▸ Task directions
Reproduce everything from the line that contains "fangjian.cn.com Slow or Fast" down to the line that contains "between ideas visible" in the listing below, word for word and nothing more. Leave the pictures out.
:: Input for this task
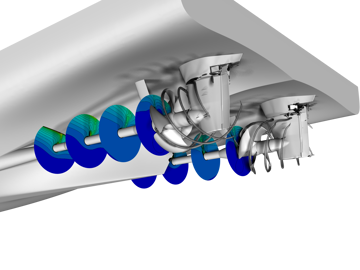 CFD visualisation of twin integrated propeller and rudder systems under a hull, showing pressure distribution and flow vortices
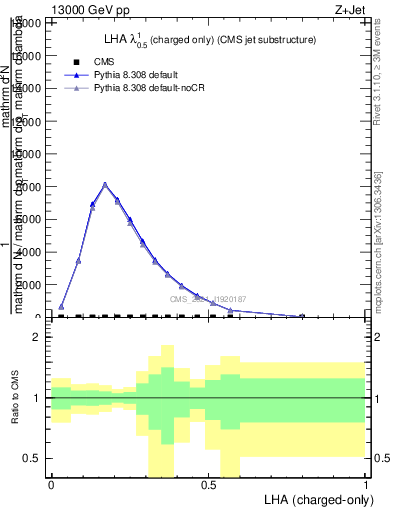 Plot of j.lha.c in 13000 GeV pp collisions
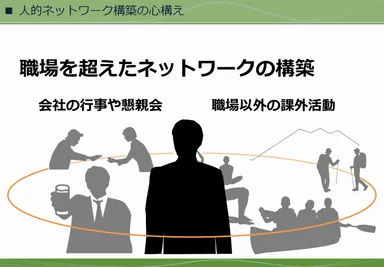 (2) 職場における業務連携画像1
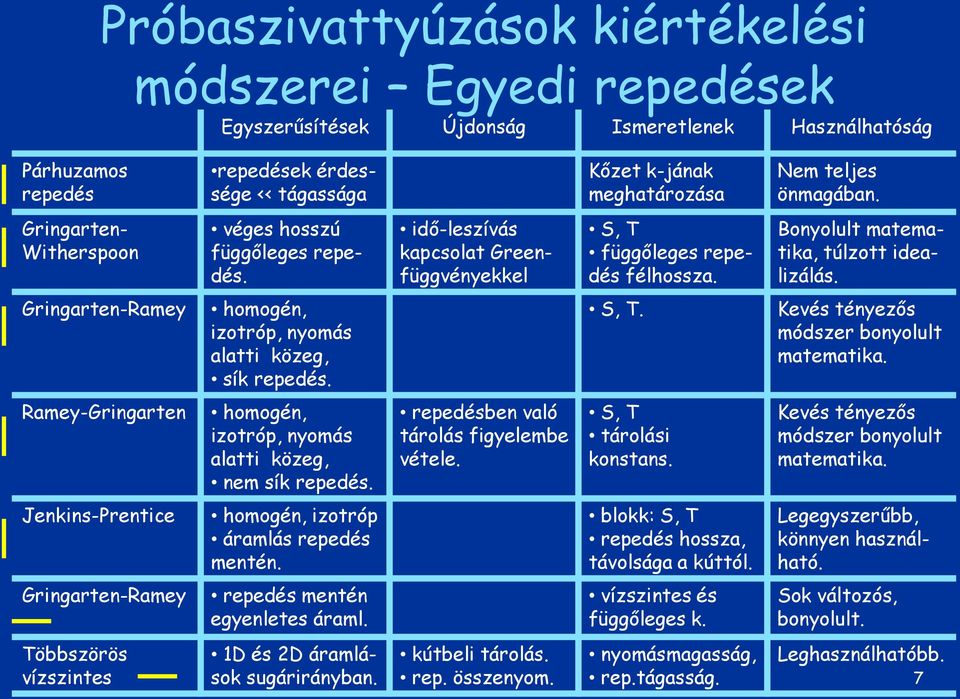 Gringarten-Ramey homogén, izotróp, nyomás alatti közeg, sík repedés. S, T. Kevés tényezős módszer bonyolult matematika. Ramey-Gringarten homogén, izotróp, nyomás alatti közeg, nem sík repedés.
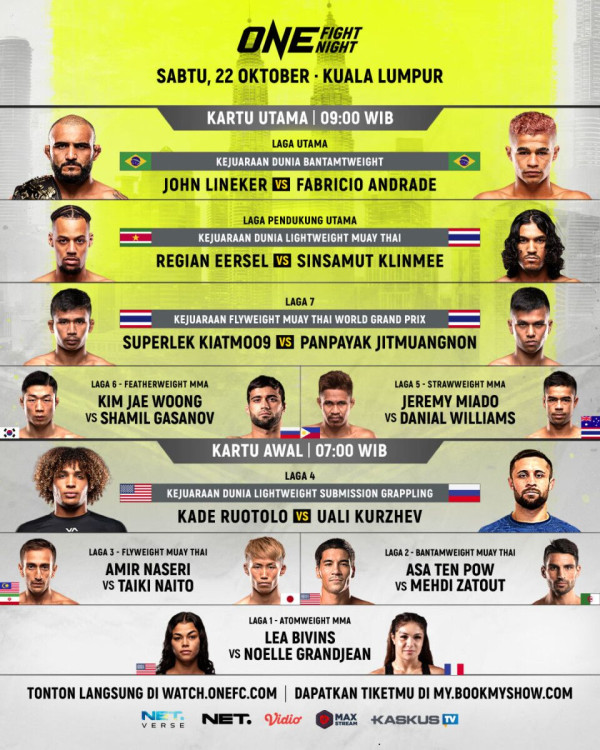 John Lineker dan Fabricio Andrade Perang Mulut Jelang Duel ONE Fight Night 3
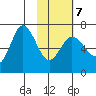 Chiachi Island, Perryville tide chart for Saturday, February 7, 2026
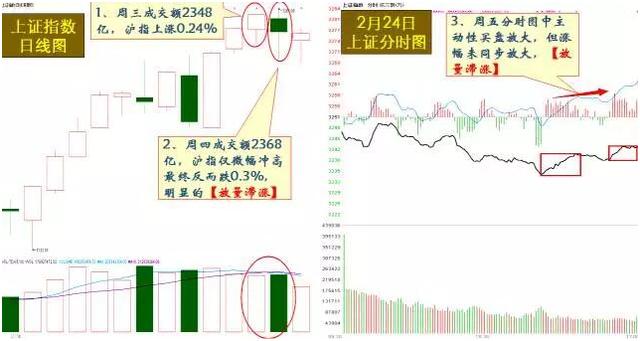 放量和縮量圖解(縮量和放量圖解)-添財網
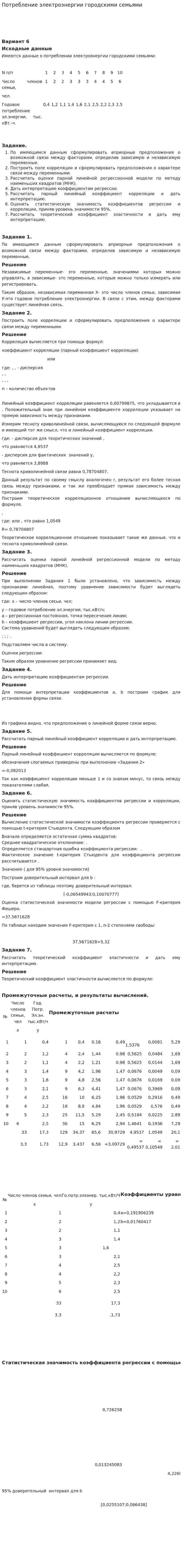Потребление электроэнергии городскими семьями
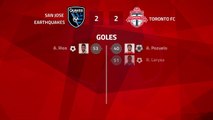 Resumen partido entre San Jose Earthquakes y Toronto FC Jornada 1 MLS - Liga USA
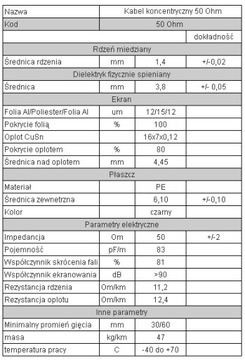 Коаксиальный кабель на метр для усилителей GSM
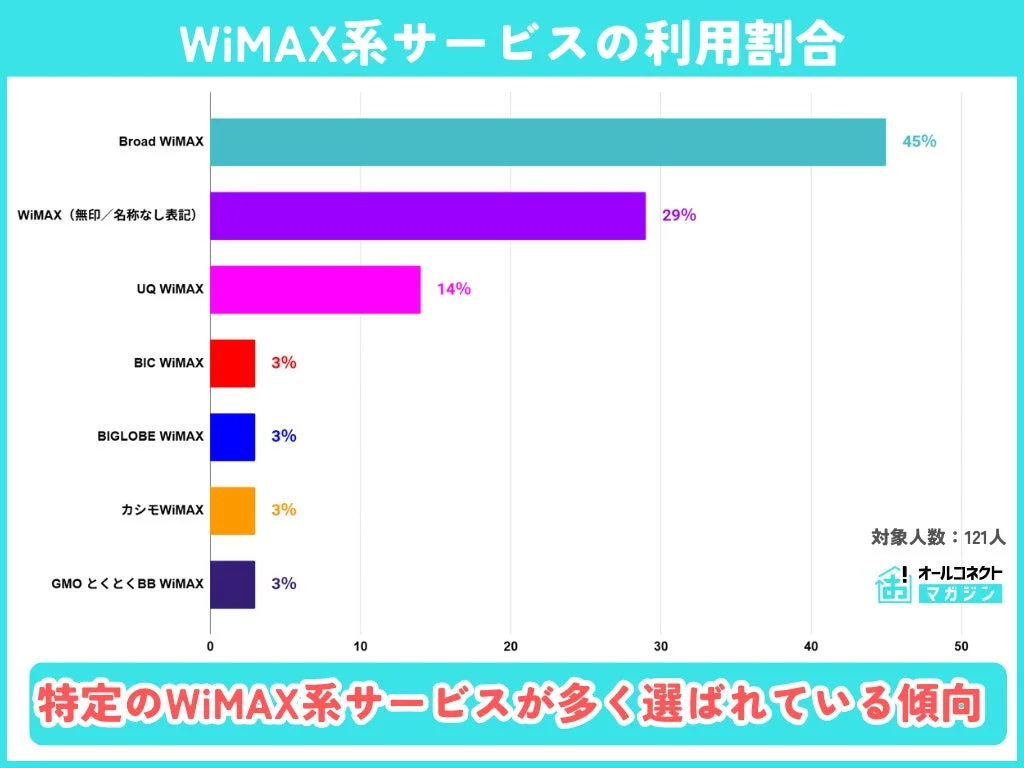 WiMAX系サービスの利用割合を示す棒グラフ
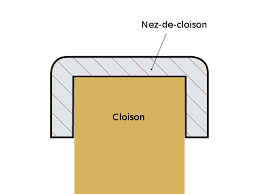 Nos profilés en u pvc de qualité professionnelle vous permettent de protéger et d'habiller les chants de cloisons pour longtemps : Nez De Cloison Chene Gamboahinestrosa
::::
:: Input for this task
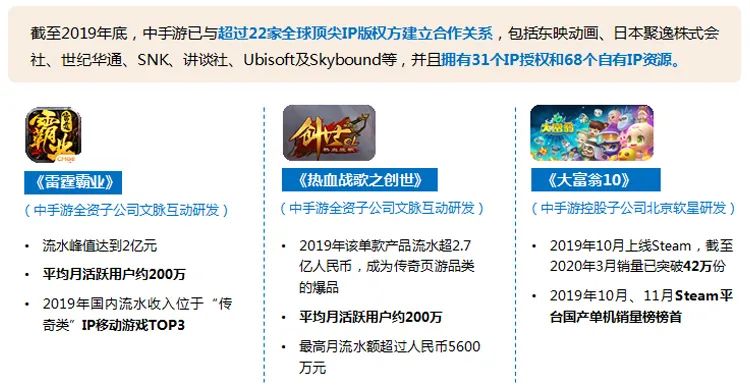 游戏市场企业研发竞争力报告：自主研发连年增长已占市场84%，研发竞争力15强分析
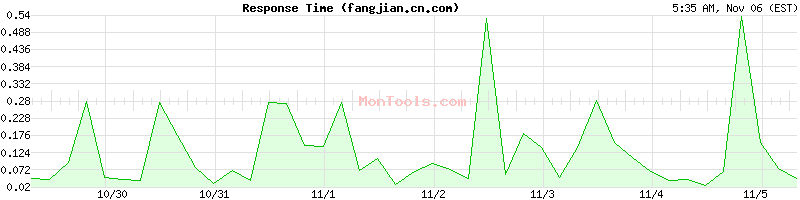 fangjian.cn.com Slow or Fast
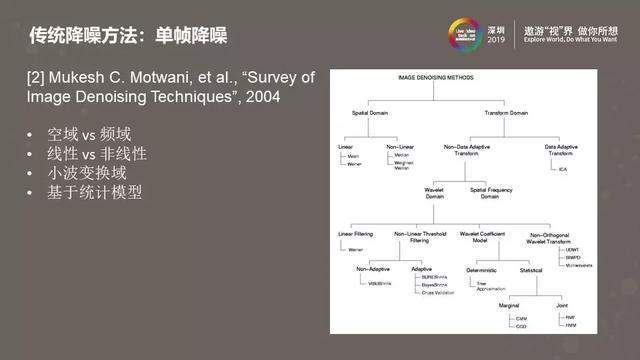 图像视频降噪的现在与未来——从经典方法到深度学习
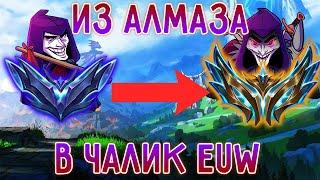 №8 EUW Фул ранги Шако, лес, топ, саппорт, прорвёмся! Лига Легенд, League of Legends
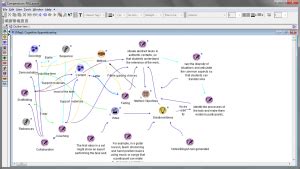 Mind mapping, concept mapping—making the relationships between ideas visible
::::
▸ Solution below
 fangjian.cn.com Slow or Fast
 图像视频降噪的现在与未来——从经典方法到深度学习
 №8 EUW Фул ранги Шако, лес, топ, саппорт, прорвёмся! Лига Легенд, League of Legends
 Mind mapping, concept mapping—making the relationships between ideas visible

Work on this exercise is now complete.